Royal Society Publishing

The Neurotrophic Hypothesis: Where does it Stand?

Alun M. Davies


In the developing peripheral nervous system many neurons die shortly after their axons reach their target fields. This loss is thought to match the number of neurons to the size and requirements of their target fields because altering target field size before innervation affects the number of neurons that survive. The neurotrophic hypothesis provides an explanation for how target fields influence the size of the neuronal populations that innervate them. This hypothesis arose from work on nerve growth factor (NGF), the founder member of the neurotrophin family of secreted proteins. Its principal tenet is that the survival of developing neurons depends on the supply of a neurotrophic factor that is synthesized in limiting amounts in their target fields. The neurotrophic hypothesis has, however, been broadened by the demonstration that multiple neurotrophic factors regulate the survival of certain populations of neurons. For example, some neurons depend on several different neurotrophic factors which may act concurrently or sequentially during target field innervation. In addition, there are aspects of neurotrophin action that do not conform with the classic neurotrophic hypothesis.
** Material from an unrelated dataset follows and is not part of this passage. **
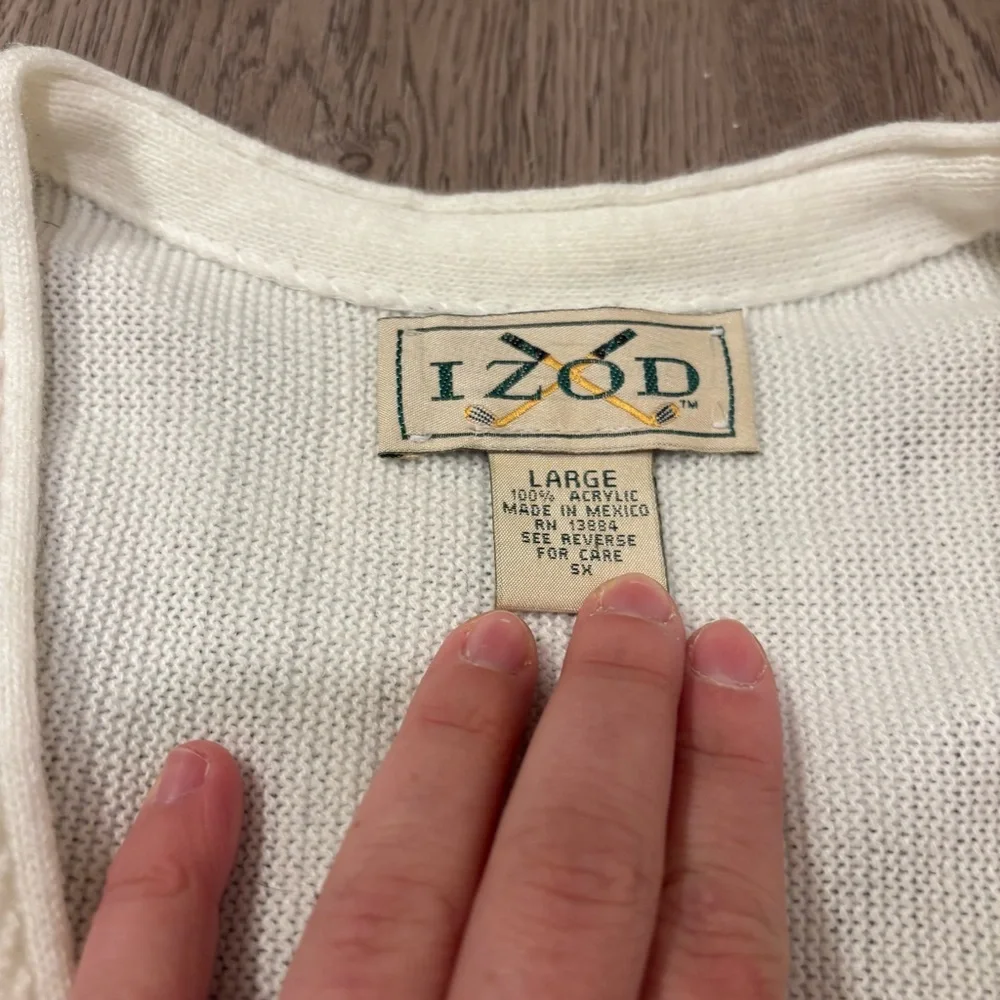 Vtg Izod Cardigan Sweater Men’s Large Off White Cream Button Front Knit Logo - Picture 2 of 3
For example, the dependence of some populations of sensory neurons on particular neurotrophins before significant neuronal death takes place raises the possibility that the supply of these neurotrophins is not limiting for survival at this stage of development. There is also evidence that at stages before and after sensory neurons depend on target-derived neurotrophins for survival, neurotrophins act on at least some sensory neurons by an autocrine route. Yet despite the growing wealth of information on the multiple roles and modes of action of neurotrophic factors, the neurotrophic hypothesis has remained the best explanation for how neuronal target fields in the developing peripheral nervous system regulate their innervation density.